Prawnik z Oleśnicy będzie musiał na rok zostawić togę w szafie. We wtorek Izba Dyscyplinarna Sądu Najwyższego uznała, że korporacyjne sądy dyscyplinarne prawidłowo wymierzyły mu karę za przewinienia, których dopuścił się już nie po raz pierwszy.

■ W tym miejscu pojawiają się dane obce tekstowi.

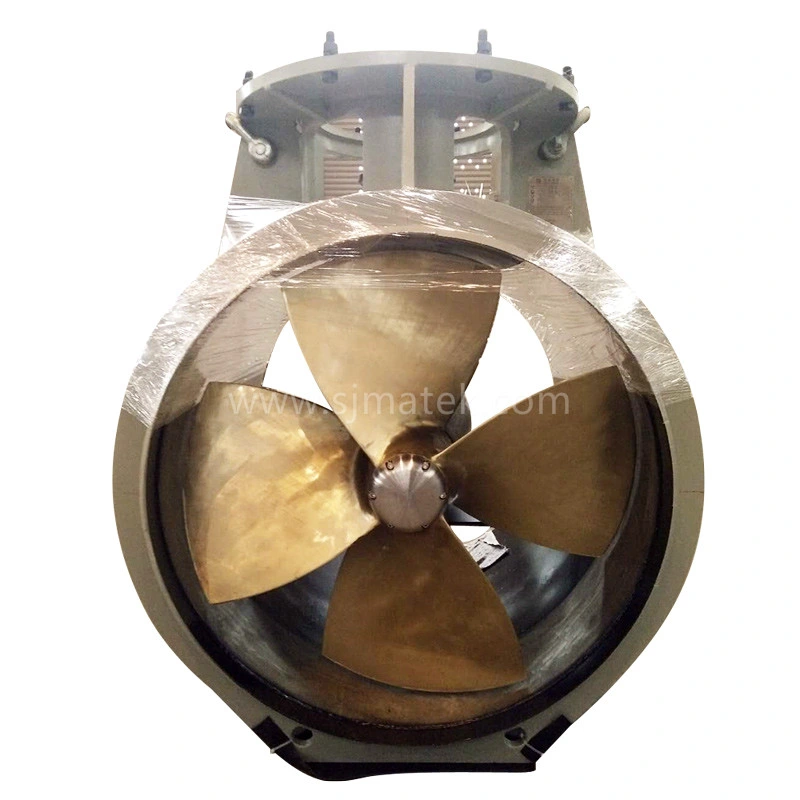 BV Approved 4 Blade Variable Pitch Tunnel Thruster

Sprawa dotyczyła sposobu, w jaki mec. Dariusz K. postanowił pożegnać się z prawniczką, której wynajmował przestrzeń biurową w swej kancelarii. Mężczyzna przywłaszczył laptop kobiety, książki, figurkę Temidy, a nawet donice – wskazując, że czyni to na poczet należności. Poszkodowana wyceniła utracone rzeczy na 3,5 tys. zł, zaś sprzęt komputerowy na 2,5 tys. zł. Z uwagi na wysoki poziom konfliktu między prawnikami współdzielącymi biuro w odebraniu części przejętych rzeczy (komputer nie został bowiem oddany) pomóc musiała policja.
Czytaj też:
WSA: nie można skreślić komornika wpisanego na listę
Zarówno pierwszoinstancyjny pion dyscyplinarny, jak i druga instancja nie miały wątpliwości, że Dariusz K. naraził swym zachowaniem na szwank reputację radcowskiej profesji. Za adekwatne uznały kary zawieszenia w prawie wykonywania zawodu oraz zakaz sprawowania patronatu przez pięć lat.